Comparative Sub-cellular Proteome Analyses Reveals Metabolic Differentiation and Production of Effector-like Molecules in the Dieback Phytopathogen Phytophthora Cinnamomi

Christina E. Andronis, Silke Jacques, Richard Lipscombe & Kar-Chun Tan


Phytopathogenic oomycetes pose a significant threat to global biodiversity and food security. The proteomes of these oomycetes likely contain important factors that contribute to their pathogenic success, making their discovery crucial for elucidating pathogenicity. Phytophthora cinnamomi is a root pathogen that causes dieback in a wide variety of crops and native vegetation world-wide. Virulence proteins produced by P. cinnamomi are not well defined and a large-scale approach to understand the biochemistry of this pathogen has not been documented.

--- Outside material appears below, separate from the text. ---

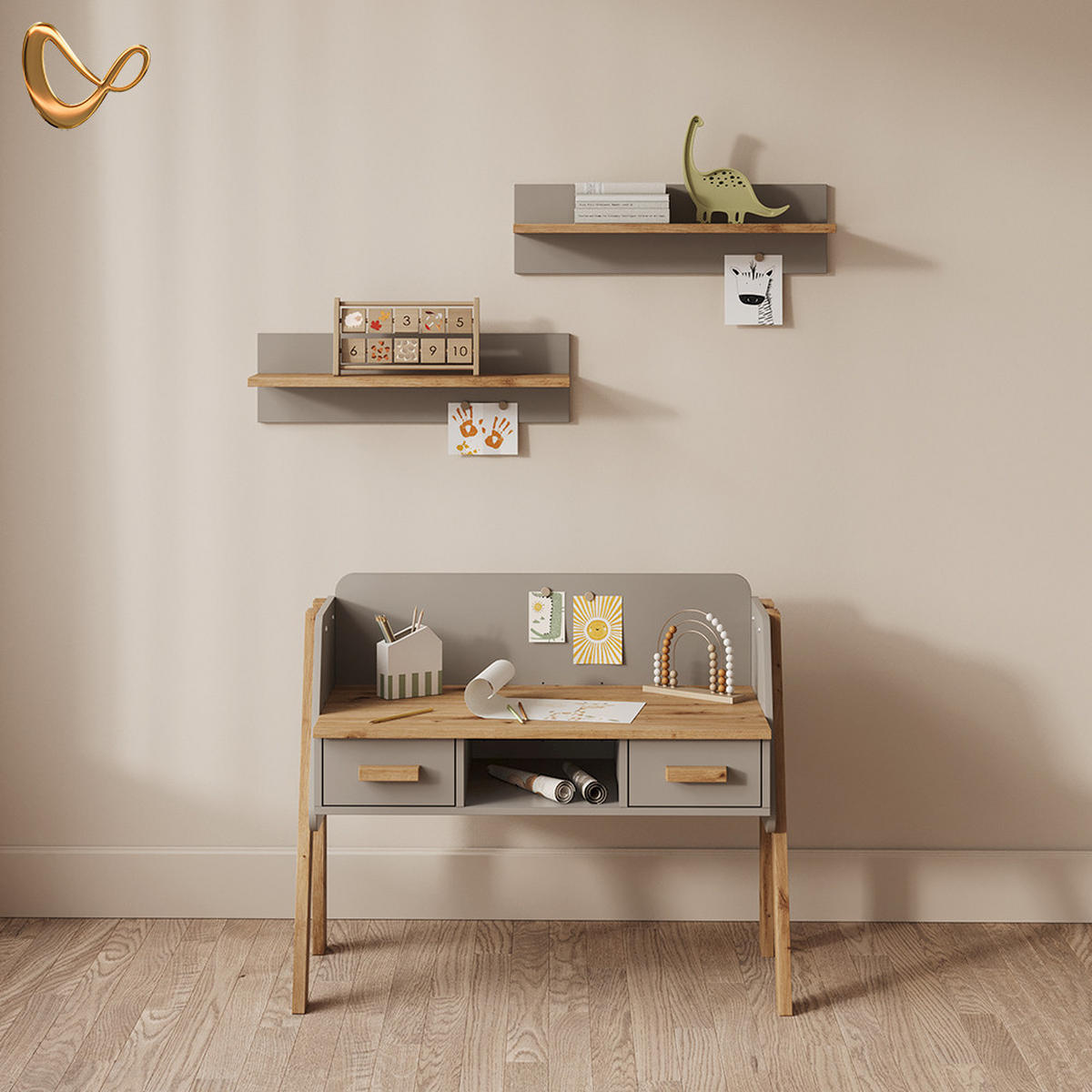 SCHREIBTISCH Mailo Grau/Artisan 97 x 80 cm - Eiche Artisan/Grau, Holzwerkstoff (51/97/80cm) - Livinity®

Soluble mycelial, zoospore and secreted proteomes were obtained and label-free quantitative proteomics was used to compare the composition of the three sub-proteomes. A total of 4635 proteins were identified, validating 17.7% of the predicted gene set. The mycelia were abundant in transporters for nutrient acquisition, metabolism and cellular proliferation. The zoospores had less metabolic related ontologies but were abundant in energy generating, motility and signalling associated proteins. Virulence-associated proteins were identified in the secretome such as candidate effector and effector-like proteins, which interfere with the host immune system. These include hydrolases, cell wall degrading enzymes, putative necrosis-inducing proteins and elicitins. The secretome elicited a hypersensitive response on the roots of a model host and thus suggests evidence of effector activity.